United States of America, Appellee, v. Ann Victoria Ellefson, Appellant.
No. 04-1293
United States Court of Appeals FOR THE EIGHTH CIRCUIT
Submitted: October 19, 2004 Filed: August 23, 2005
Appeal from the United States District Court for the Northern District of Iowa.
Before COLLOTON, LAY, and GRUENDER, Circuit Judges.
Ann Victoria Ellefson was convicted of distributing and aiding and abetting the distribution of 2,887 pseudoephedrine pills knowing, or having a reasonable cause to believe, the pseudoephedrine would be used to manufacture methamphetamine, in violation of
I. BACKGROUND
Ellefson‘s convictions arose from her involvement with the drug-related activities of her then boyfriend, Ryan Buchheim. The case against Ellefson centered around a September, 2002, transfer of 2,887 pseudoephedrine pills from Ellefson and Buchheim to undercover police officer Josh Lupkes and confidential informant Flint Hillman in exchange for two tanks purportedly containing anhydrous ammonia.
Lupkes and Hillman met Buchheim and Ellefson outside of her residence in Cedar Rapids, Iowa. With Ellefson present, Hillman helped Buchheim move the purported anhydrous ammonia tanks from his car into Buchheim‘s van. Hillman, Buchheim and Ellefson then went into her apartment, leaving Lupkes in Hillman‘s car. Inside her apartment, Ellefson quizzed Hillman about how well he knew Lupkes. Ellefson asked Hillman: “Why are you afraid to bring him up?“; “How long have you known him?“; “Does he know what you‘re coming here for?“; “Then it doesn‘t really matter, does it?” Hillman told Ellefson that Lupkes was “where I got all my crank from” and that Lupkes knew why Hillman was in her apartment.

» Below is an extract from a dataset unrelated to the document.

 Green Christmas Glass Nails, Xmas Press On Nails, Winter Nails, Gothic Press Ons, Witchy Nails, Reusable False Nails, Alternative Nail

While Hillman was in Ellefson‘s apartment, Buchheim spoke on the telephone with his pseudoephedrine supplier to set up a delivery of pseudoephedrine. As soon as Buchheim hung up the phone, Ellefson asked him “Do you know when?” and “Who? When? Where?” Buchheim replied, “At my place, about half an hour and a case. It‘s like 8,640 pills.” Ellefson then asked to use Buchheim‘s van to run an errand. Buchheim noted that the purported anhydrous ammonia tanks were in the back and stated, “See, unless you want to take them and drop them off at [his storage garage] . . . .” Ellefson responded, “You want me to?” and Buchheim replied, “Actually, I kinda want to go with you, if you go.” Ellefson replied, “Okay,” but Buchheim ultimately decided to drive because Ellefson might “take a wrong turn or something.”

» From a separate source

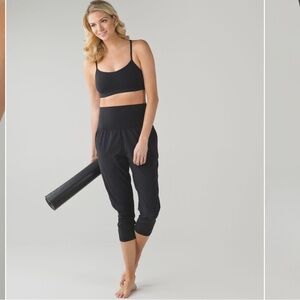 Lululemon Tranquil Crop Black size 4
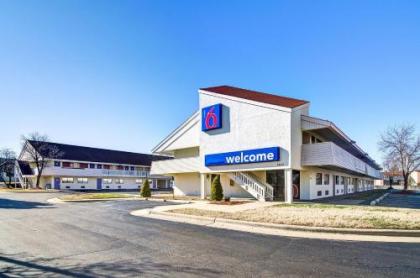 motel 6 Springfield mO   North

Still inside Ellefson‘s apartment, Ellefson and Buchheim agreed to meet Hillman later that day at Buchheim‘s apartment to deliver the pseudoephedrine. Buchheim kept his pseudoephedrine in a garage he rented for storage. Aware of the reason for their trip, Ellefson rode with Buchheim to the garage in which Buchheim kept a safe containing cocaine, pseudoephedrine, a triple-beam scale, numerous glass pipes and other items related to the production of methamphetamine, such as starter fluid, rubber tubing and empty tanks for storing anhydrous ammonia. Buchheim placed the anhydrous ammonia tanks in the garage and retrieved pseudoephedrine and cocaine to give to Hillman.
After retrieving the pseudoephedrine, Ellefson and Buchheim met Hillman at Buchheim‘s apartment. Upon arrival, both Ellefson and Buchheim described two surveillance vehicles that followed them from the garage. Ellefson stated that one of the vehicles following them was a blue or black Dodge. Before leaving Buchheim‘s apartment, Hillman received 2,887 pseudoephedrine tablets (60mg each) and some cocaine.

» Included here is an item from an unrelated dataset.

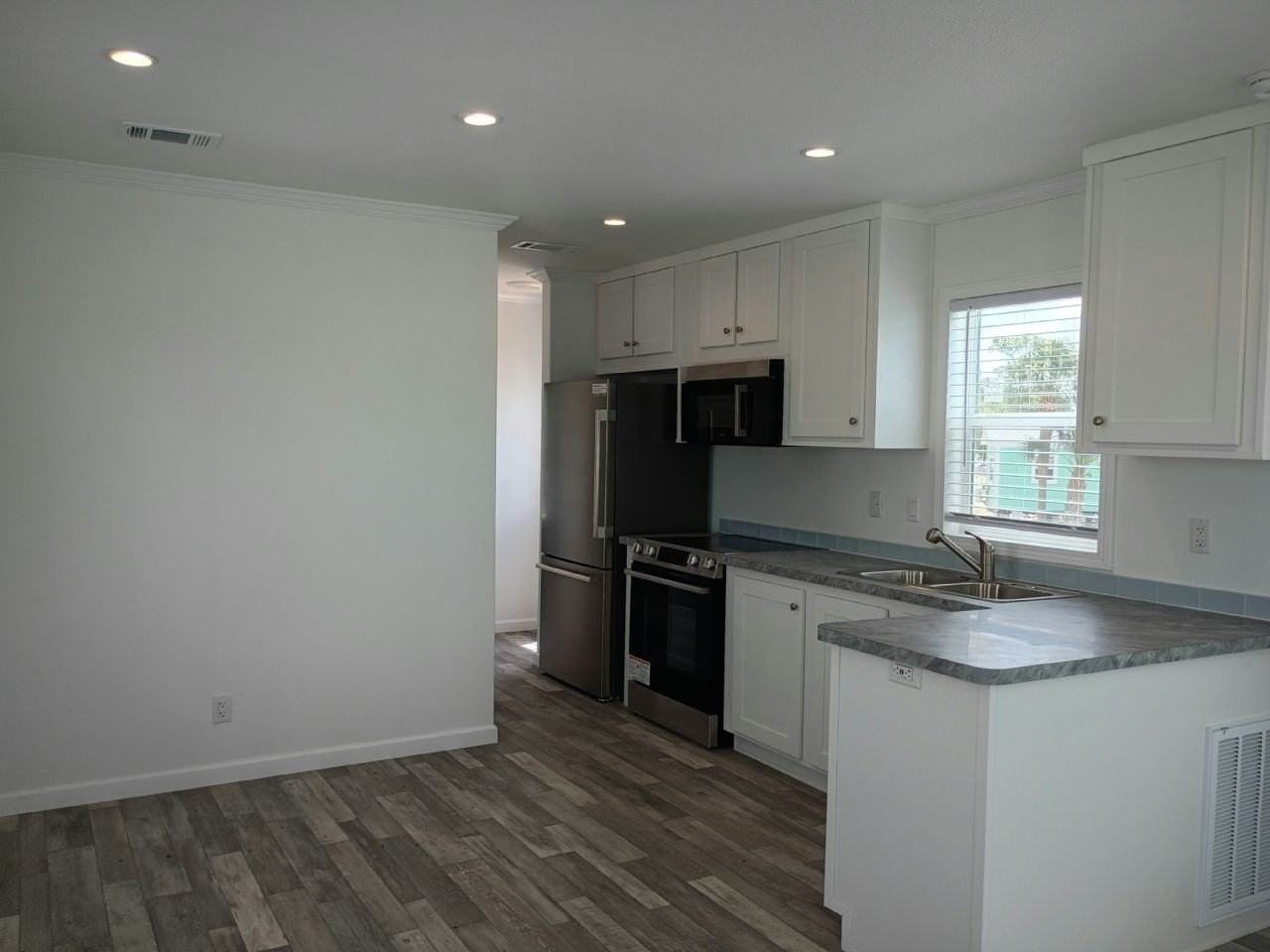 26 Lily Dr #136 - Photo 2 of 11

On December 2, 2002, Police executed an arrest warrant on Buchheim at Ellefson‘s residence. When Buchheim was arrested, he informed officers that he lived at Ellefson‘s apartment. Police allowed Ellefson to leave while they secured the apartment and applied for a search warrant. Before leaving, Ellefson removed $3,500 of drug proceeds from Buchheim‘s duffle bag and tried to hide the money in the waistband of her jeans. An officer stopped Ellefson and removed the money from her waistband. The officer asked Ellefson whether there was anything else in the bag he needed to know about. Ellefson replied, “Drugs.”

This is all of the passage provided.